> AIM OF THE TASK: Find the line holding "Воно вам потрібне" in the entries below. Give it again exactly, along with every line after it up to and including the line holding "Гель LuxLak Intense &quot;Прозрачный&quot;".

--- DATA FOR THIS EXERCISE Enclosed Below ---

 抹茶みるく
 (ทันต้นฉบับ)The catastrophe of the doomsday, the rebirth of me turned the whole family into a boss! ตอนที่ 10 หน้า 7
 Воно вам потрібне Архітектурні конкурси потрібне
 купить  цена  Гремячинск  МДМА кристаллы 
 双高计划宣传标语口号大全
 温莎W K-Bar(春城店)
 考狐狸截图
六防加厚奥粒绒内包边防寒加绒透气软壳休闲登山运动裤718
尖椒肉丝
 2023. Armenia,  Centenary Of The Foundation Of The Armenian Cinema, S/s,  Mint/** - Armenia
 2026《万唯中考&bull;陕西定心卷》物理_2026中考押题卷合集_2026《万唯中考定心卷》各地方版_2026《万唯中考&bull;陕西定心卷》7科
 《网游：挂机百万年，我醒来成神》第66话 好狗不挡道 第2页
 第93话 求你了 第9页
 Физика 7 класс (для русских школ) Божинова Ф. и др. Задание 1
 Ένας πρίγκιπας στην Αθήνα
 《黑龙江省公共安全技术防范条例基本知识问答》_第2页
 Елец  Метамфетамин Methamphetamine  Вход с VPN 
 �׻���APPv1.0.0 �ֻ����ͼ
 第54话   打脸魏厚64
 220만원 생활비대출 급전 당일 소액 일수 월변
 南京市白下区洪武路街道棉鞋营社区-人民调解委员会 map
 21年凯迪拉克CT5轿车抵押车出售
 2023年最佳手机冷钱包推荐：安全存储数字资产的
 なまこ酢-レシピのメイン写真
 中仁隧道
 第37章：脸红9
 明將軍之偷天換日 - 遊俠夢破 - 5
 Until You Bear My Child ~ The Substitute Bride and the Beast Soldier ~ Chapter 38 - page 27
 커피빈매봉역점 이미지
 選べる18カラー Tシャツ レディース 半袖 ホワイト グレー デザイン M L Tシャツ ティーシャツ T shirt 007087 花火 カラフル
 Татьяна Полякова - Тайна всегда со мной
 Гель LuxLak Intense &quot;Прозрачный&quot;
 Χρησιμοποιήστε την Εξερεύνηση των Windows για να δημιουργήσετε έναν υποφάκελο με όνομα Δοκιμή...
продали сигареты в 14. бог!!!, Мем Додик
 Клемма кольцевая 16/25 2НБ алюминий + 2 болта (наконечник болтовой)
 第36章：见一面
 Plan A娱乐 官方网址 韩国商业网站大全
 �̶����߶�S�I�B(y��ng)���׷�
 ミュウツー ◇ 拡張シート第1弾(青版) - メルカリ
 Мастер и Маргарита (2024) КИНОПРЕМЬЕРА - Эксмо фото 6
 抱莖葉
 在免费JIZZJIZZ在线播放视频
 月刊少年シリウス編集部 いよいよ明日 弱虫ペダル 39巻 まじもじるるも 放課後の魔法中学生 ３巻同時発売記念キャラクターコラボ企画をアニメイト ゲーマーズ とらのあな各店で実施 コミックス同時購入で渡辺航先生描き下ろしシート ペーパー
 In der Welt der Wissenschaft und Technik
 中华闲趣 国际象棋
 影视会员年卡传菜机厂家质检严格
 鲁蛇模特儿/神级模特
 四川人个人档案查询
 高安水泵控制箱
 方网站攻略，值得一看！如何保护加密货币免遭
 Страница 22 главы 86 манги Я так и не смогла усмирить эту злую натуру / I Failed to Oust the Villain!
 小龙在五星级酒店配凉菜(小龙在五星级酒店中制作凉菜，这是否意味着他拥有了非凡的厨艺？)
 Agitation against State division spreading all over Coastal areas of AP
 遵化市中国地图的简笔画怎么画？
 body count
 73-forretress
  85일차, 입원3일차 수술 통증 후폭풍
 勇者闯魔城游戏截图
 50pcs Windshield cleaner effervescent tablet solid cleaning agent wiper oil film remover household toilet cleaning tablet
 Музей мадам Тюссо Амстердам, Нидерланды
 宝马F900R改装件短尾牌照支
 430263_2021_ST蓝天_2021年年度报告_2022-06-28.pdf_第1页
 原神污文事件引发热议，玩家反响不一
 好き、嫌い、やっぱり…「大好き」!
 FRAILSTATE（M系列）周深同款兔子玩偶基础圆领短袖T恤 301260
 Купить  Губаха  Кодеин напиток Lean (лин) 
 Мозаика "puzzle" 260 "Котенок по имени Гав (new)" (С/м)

--- End of Enclosed DATA FOR THIS EXERCISE ---

> WRITTEN ANSWER:
 Воно вам потрібне Архітектурні конкурси потрібне
 купить  цена  Гремячинск  МДМА кристаллы 
 双高计划宣传标语口号大全
 温莎W K-Bar(春城店)
 考狐狸截图
六防加厚奥粒绒内包边防寒加绒透气软壳休闲登山运动裤718
尖椒肉丝
 2023. Armenia,  Centenary Of The Foundation Of The Armenian Cinema, S/s,  Mint/** - Armenia
 2026《万唯中考&bull;陕西定心卷》物理_2026中考押题卷合集_2026《万唯中考定心卷》各地方版_2026《万唯中考&bull;陕西定心卷》7科
 《网游：挂机百万年，我醒来成神》第66话 好狗不挡道 第2页
 第93话 求你了 第9页
 Физика 7 класс (для русских школ) Божинова Ф. и др. Задание 1
 Ένας πρίγκιπας στην Αθήνα
 《黑龙江省公共安全技术防范条例基本知识问答》_第2页
 Елец  Метамфетамин Methamphetamine  Вход с VPN 
 �׻���APPv1.0.0 �ֻ����ͼ
 第54话   打脸魏厚64
 220만원 생활비대출 급전 당일 소액 일수 월변
 南京市白下区洪武路街道棉鞋营社区-人民调解委员会 map
 21年凯迪拉克CT5轿车抵押车出售
 2023年最佳手机冷钱包推荐：安全存储数字资产的
 なまこ酢-レシピのメイン写真
 中仁隧道
 第37章：脸红9
 明將軍之偷天換日 - 遊俠夢破 - 5
 Until You Bear My Child ~ The Substitute Bride and the Beast Soldier ~ Chapter 38 - page 27
 커피빈매봉역점 이미지
 選べる18カラー Tシャツ レディース 半袖 ホワイト グレー デザイン M L Tシャツ ティーシャツ T shirt 007087 花火 カラフル
 Татьяна Полякова - Тайна всегда со мной
 Гель LuxLak Intense &quot;Прозрачный&quot;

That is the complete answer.